Victims of Brazilian dam collapse will get $7 billion in compensation

By February 4, 2021

The mining company responsible for a catastrophic 2019 dam collapse that killed 270 people in Brazil’s southeastern state of Minas Gerais will give $7 billion in compensation.

Executives from the mining company Vale signed the agreement Thursday in an effort to give some repair to the massive economic and environmental damage done when the dam broke in the town of Brumadinho. The ensuing wreckage from a massive wave of toxic sludge leveled hundreds of acres of natural forest and polluted a nearby river, while also destroying homes and burying roadways.

The dam was designed to hold waste from a nearby iron ore mine. It is believed to be the most expensive such settlement in Brazilian history, according to a statement from the Minas Gerais government.

Some staff members from Vale, Vale’s ex-president Fabio Schvartsman, are still facing murder charges in Brazil as a result of the collapse.

The state of Minas Gerais had previously requested more than $10 million, in part for the relocation expenses and incredible psychological toll the dam’s collapse had on locals.
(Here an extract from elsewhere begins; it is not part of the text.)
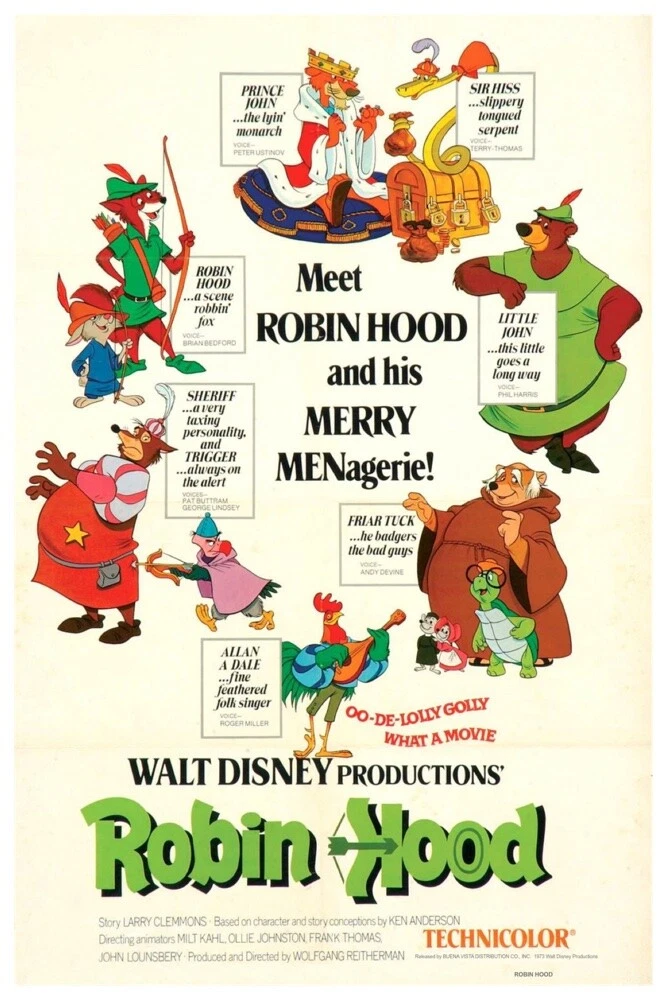 DISNEY S ROBIN HOOD MOVIE 1 COLLECTOR POSTER BUY ANY 2 GET ANY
Locals criticized the state government for not being able to be more involved in negotiations with Vale over the settlement, saying much of the process was behind closed doors. Government officials said about a third of the $7 billion settlement will go to the affected town of Brumadinho, with a special fund for the families of victims.

This was the second time in five years that disaster had struck from a Vale project, as a subsidiary of the large ore mining company saw a dam collapse in the Minas Gerais town of Mariana in 2015. That accident killed two dozen people and destroyed a pair of villages.